On Boxing Day in 2004, I was in a small town called Medewi on Bali’s western coast. We had just left Thailand a few days before, and were spending a few days drying out from a long stint of partying. There’s a great left-hander in Medewi, and at the time, the town was a sleepy little place with no internet to speak of. At just after midnight, the Indian Plate slipped beneath the Burma Plate and spawned one of the deadliest series of tsunamis in recorded history.
An estimated 230,000 people died across fourteen countries, Thailand and Indonesia included. Medewi, and much of Bali, despite its proximity, was unaffected. I have never felt luckier and sadder in my entire life when, a few days later, we checked our emails and discovered the extent of what happened. Life is strange that way.
Although the tsunami occurred hours after the earthquake, almost no one was prepared. The devastation was immense. Due to the fact that there were no tsunami warning systems in the Indian Ocean, the death toll was incredibly high. It’s a difficult thing to set up in a poorer country like Indonesia–the infrastructure required to warn an entire country of an impending disaster is nothing to scoff at. But scientists working at the Australian National University have developed a new system that could give areas in tsunami zones an early heads up.

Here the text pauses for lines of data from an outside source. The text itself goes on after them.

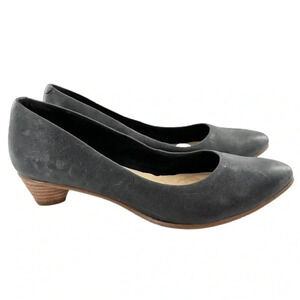 Clarks womens heels size 6.5 Mena Bloom charcoal  gray leather comfort career
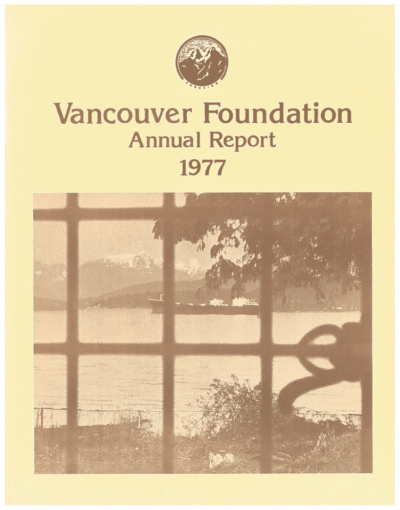 Cover of a publication featuring a ship as seen through the panes of a window with the text "Vancouver Foundation Annual Report 1977" at the top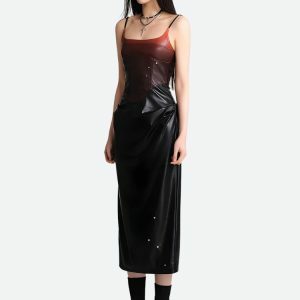 Y2K Cyberpunk Faux Leather Midi Dress for Edgy Summer Outfits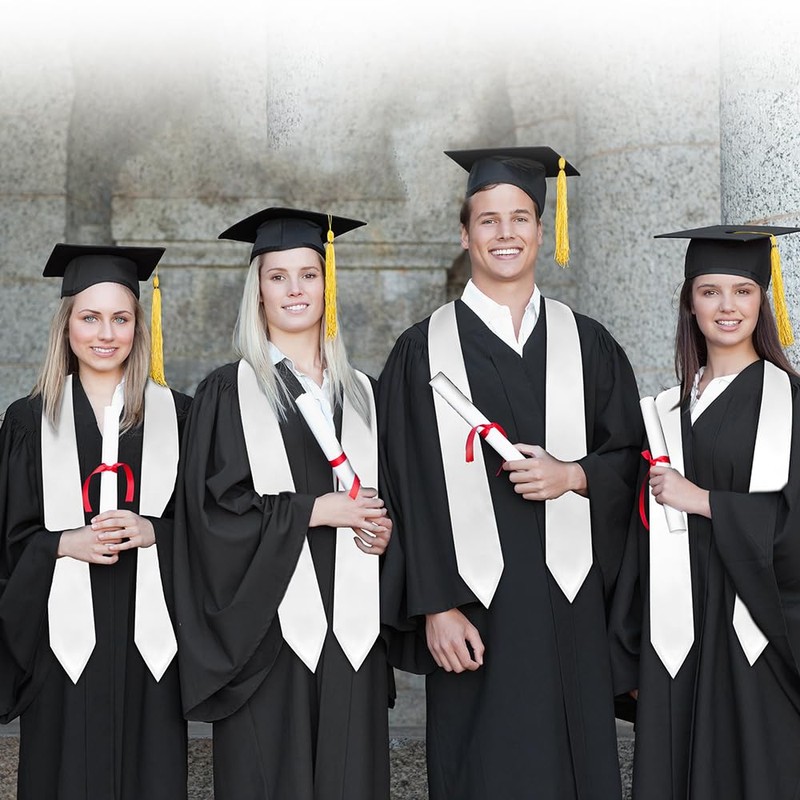UnslQonds White Graduation Stole Class of 2025, Custom Stoles for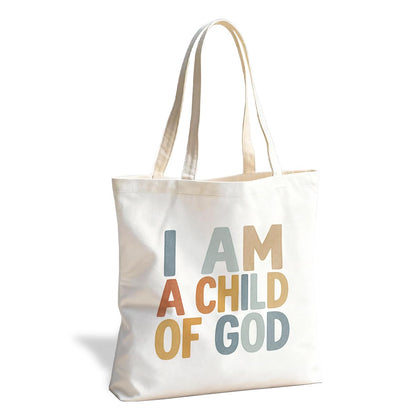 Christian Canvas Tote Bag for Women, Inspirational Faith Shoulder Bag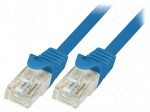 Patch cord | U/UTP | 5e | stranded | CCA | PVC | blue | 10m | 26AWG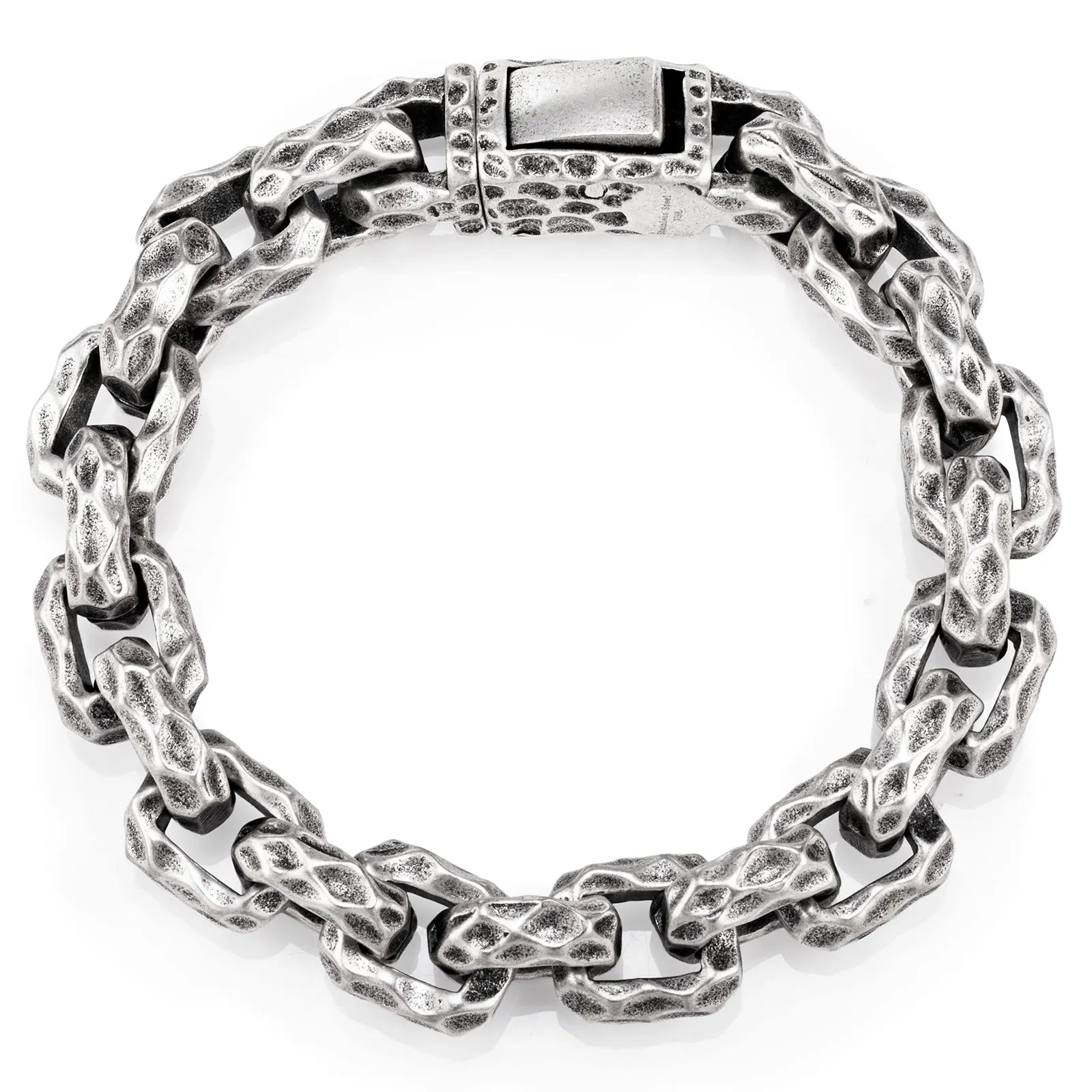 Ajatine men's silver chain bracelet with heavy retro punk hammer design
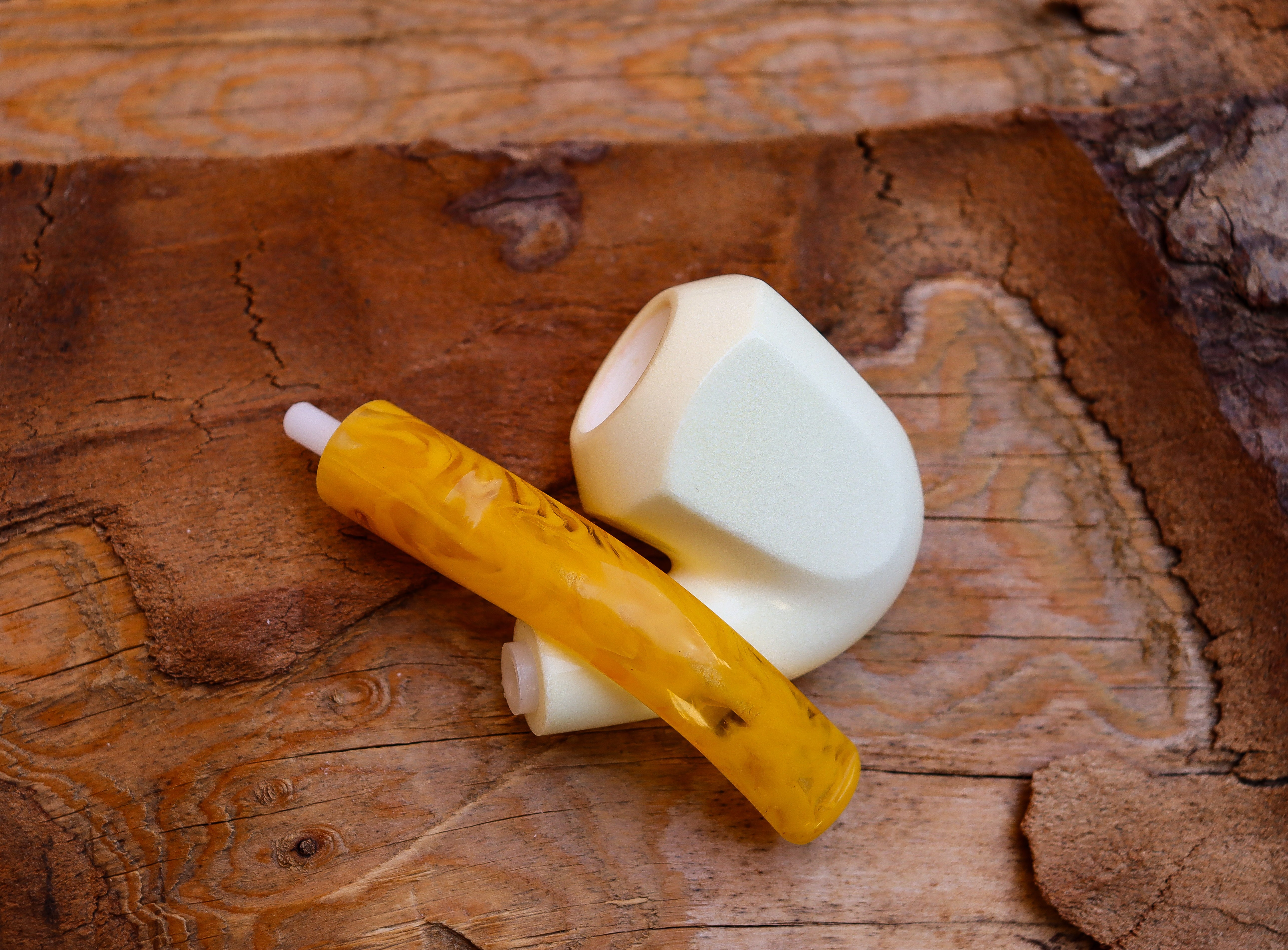 Handmade Astaş Meerschaum Pipes, Panel White, Smooth Carved, With Fitted Case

Right now, geologists use sensors in the ocean that detect earthquakes. They also record underwater landslides–both earthquakes and landslides are causes of tsunamis–but they aren’t an accurate prediction service. The sensors merely report an occurrence, and the prediction of a possible tsunami is so full of variables that any real accuracy is next to impossible. The warning systems are based on previous patterns in a specific area, but they aren’t able to make a real prediction about the size or strength of an incoming tsunami.
The new system is an algorithm that uses a “Time Reverse Imaging Method.” Taking information from ocean sensors already in use, it “can use it to make better predictions about what will happen once the waves reach shore.” According to Newswise, the new algorithm is just as fast as other tsunami prediction systems, but much more accurate.
“The Time Reverse Imaging Method is not based on some guess, it’s based on real-time information,” said Jan Dettmer, a seismologist at the Australian National University. “This method would improve accuracy without sacrificing speed.”
Using the plate tectonics in the Japan Trench, researchers found a way to more accurately predict not only where a tsunami might hit, but how powerful it would be. That’s not an easy thing to do, though. As the saying goes, to know the future, we must look to the past. In order to accurately predict a tsunami, one must know what it looked like when it started. Using the Japanese government’s Pacific Ocean sensors that collected information on the Tohoku-Oki earthquake and tsunami back in 2011, Dettmer and the team used math to go back to the tsunami’s point of origin. But not just where it started–they used the information to create a picture of what the tsunami looked like in its infancy. From there, they added it to the data and made a prediction of what it would look like once it made landfall. Then they compared it to actual results and created their algorithm.
Although there is still much more testing to be done, Dettmer is hopeful that the technology will be ready within the five years. “This is a step forward,” Dettmer said. “This research can be part of the next generation of tsunami warning systems that are based on real time information.”